Considerado um desafeto do Centrão, grupo ao qual faz oposição ferrenha, Braga dificilmente escapará da punição, que depende apenas de votação no plenário da Câmara. Colada a ele na fila, aparece a deputada Carla Zambelli (PL-SP), que foi condenada pela Primeira Turma do Supremo Tribunal Federal (STF) a dez anos de prisão por falsidade ideológica e invasão ao sistema do Conselho Nacional de Justiça (CNJ).

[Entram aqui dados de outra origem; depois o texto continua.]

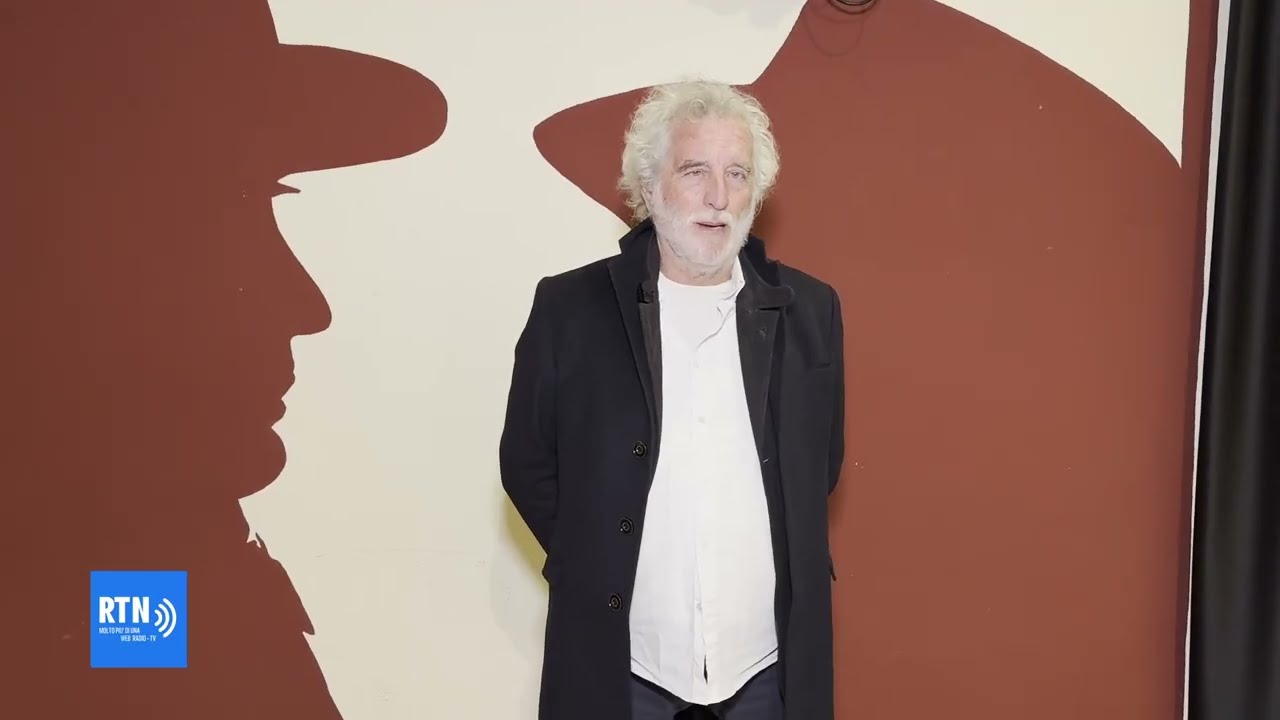 Carnera:The Walking Mountain - Nuovo Cinema Carpine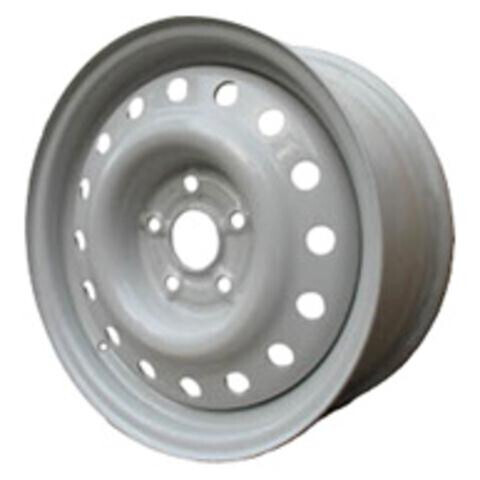 Диск Газ 2103 13x5 4x98 ET29 DIA58.6 МЕТАЛЛИК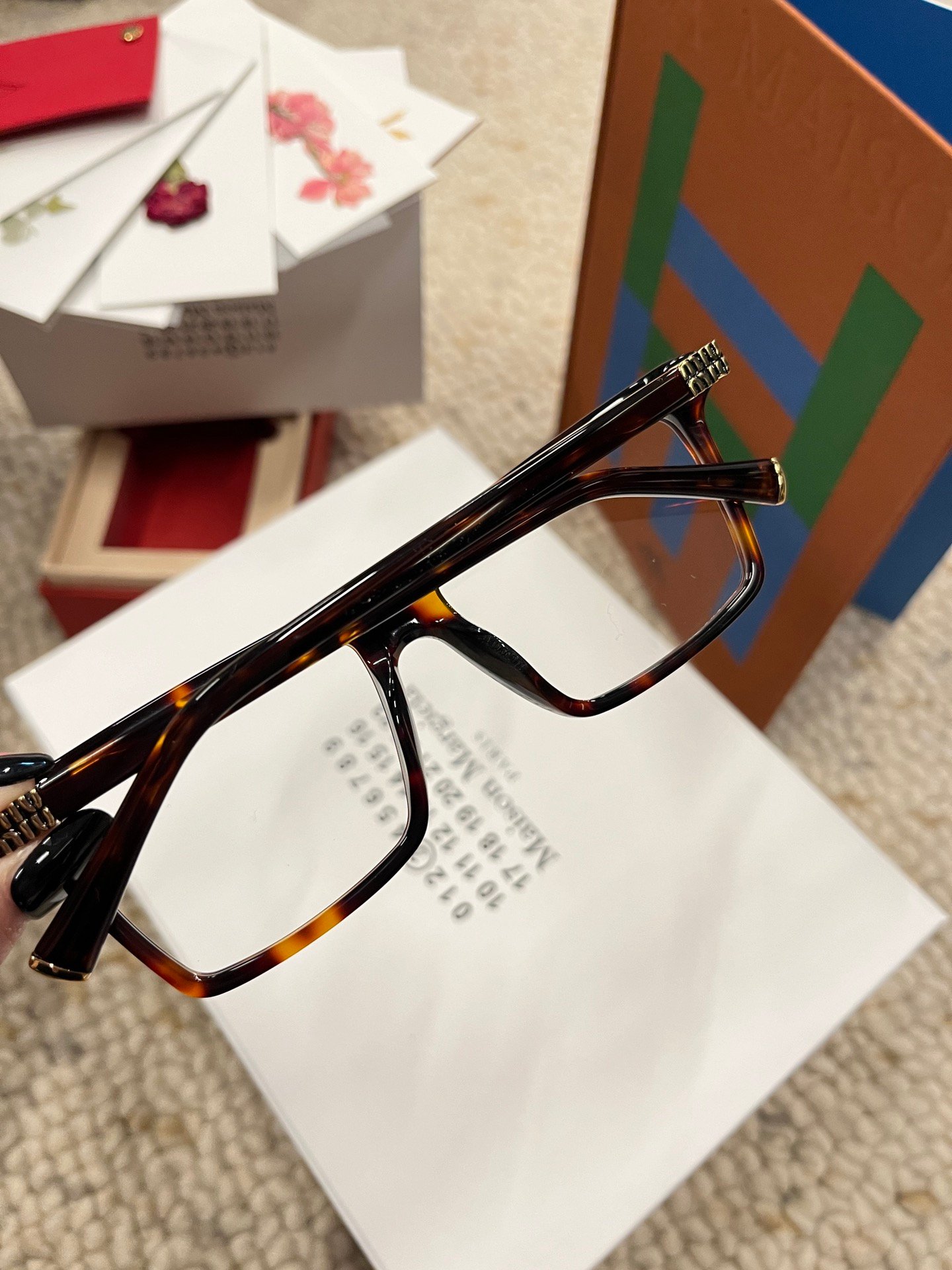 MIU MIU - Image 6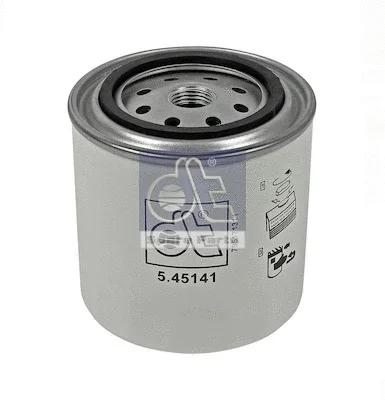5.45141 DT Spare Parts Фильтр охлаждающей жидкости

Após a decisão do STF, governistas fizeram pressão sobre o presidente da Câmara, Hugo Motta (Repúblicanos-PB), para que a perda do mandato fosse realizada imediatamente. Integrantes do PL, partido de Jair Bolsonaro, agiram em sentido contrário, o que levou Motta a despachar o caso da deputada para a Comissão de Constituição e Justiça (CCJ), onde aguarda parecer.
Zambelli preferiu não esperar pela pena do STF e o julgamento dos colegas e fugiu do país. Na terça-feira 29, ela foi presa em Roma, na Itália, e depois transferida para um presídio. O governo Lula trabalhará por sua extradição, e a base aliada retomará a ofensiva para que a outrora estrela bolsonarista tenha o mandato cassado.
O grande embate, no entanto, deve ocorrer no caso do deputado federal Eduardo Bolsonaro (PL-SP), que se licenciou do mandato, mudou para os Estados Unidos e, de lá, ajudou a convencer o presidente dos Estados Unidos, Donald Trump, a anunciar um tarifaço sobre produtos brasileiros, além de sanção ao ministro do STF Alexandre de Moraes.
A bancada do PT na Câmara quer a cassação de Eduardo Bolsonaro, alegando que ele conspira contra a soberania e a economia do país. Não será fácil atingir esse objetivo. O Centrão, que costuma ser o fiel da balança nas votações, não quer saber dessa briga nem de tomar partido na polarização. Além disso, os oposicionistas apostarão na estratégia de criar mais confusão.
Uma das ideias dos aliados do ex-presidente Bolsonaro é retomar a tentativa de cassar o mandato de André Janones (Avante-MG), aliado de Lula, usando como base o acordo que o deputado fechou com a Procuradoria-Geral da República no qual concorda devolver 130 000 reais à Câmara como reparação pela prática de rachadinha em seu gabinete. Rompido o pacto corporativista, é cada um por si.